Algorithm validation for data science
Professor Joachim M. Buhmann, Department of Computer Science, ETH Zurich, Switzerland
Wednesday, 21 September 2022, 11am to 12pm
Richard Doll Lecture Theatre, Richard Doll Building, Old Road Campus, Headington, OX3 7LF
Abstract
Data Science (DS) algorithms interpret outcomes of empirical experiments with random influences. Often, such algorithms are cascaded to long processing pipelines especially in biomedical applications. The validation of such pipelines poses an open question since data compression of the input should preserve as much information as possible to distinguish between possible outputs.

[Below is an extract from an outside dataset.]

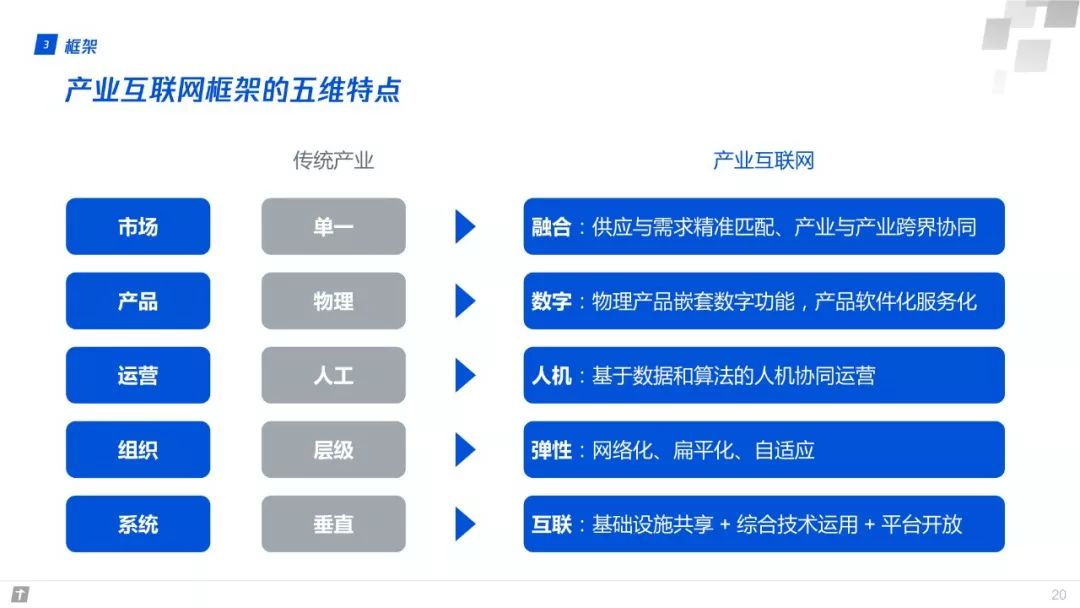 產業網際網路：構建智慧+時代數字生態新圖景 | 重磅釋出（附全文下載）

Starting with a minimum description length argument for model selection we motivate a localization criterion as a lower bound that achieves information theoretical optimality. Uncertainty in the input causes a rate distortion tradeoff in the output when the DS algorithm is adapted by learning. We present design choices for algorithm selection and sketch a theory of validation. The concept is demonstrated in neuroscience applications of diffusion tensor imaging for tractography and brain parcellation.
Biography
Joachim M. Buhmann is a Professor for Computer Science at ETH Zurich. He studied physics at TU-Munich and performed postdoctoral research at USC and LLNL in California. Until 2003 he was a Professor for Applied Computer Science at the University of Bonn. His teaching and research includes Machine Learning in theory and applications, e.g. in the life sciences. He is a member of the Swiss Academy of Engineering Sciences (SATW), a Fellow of the IAPR and he serves as a research council member of the Swiss National Science Foundation.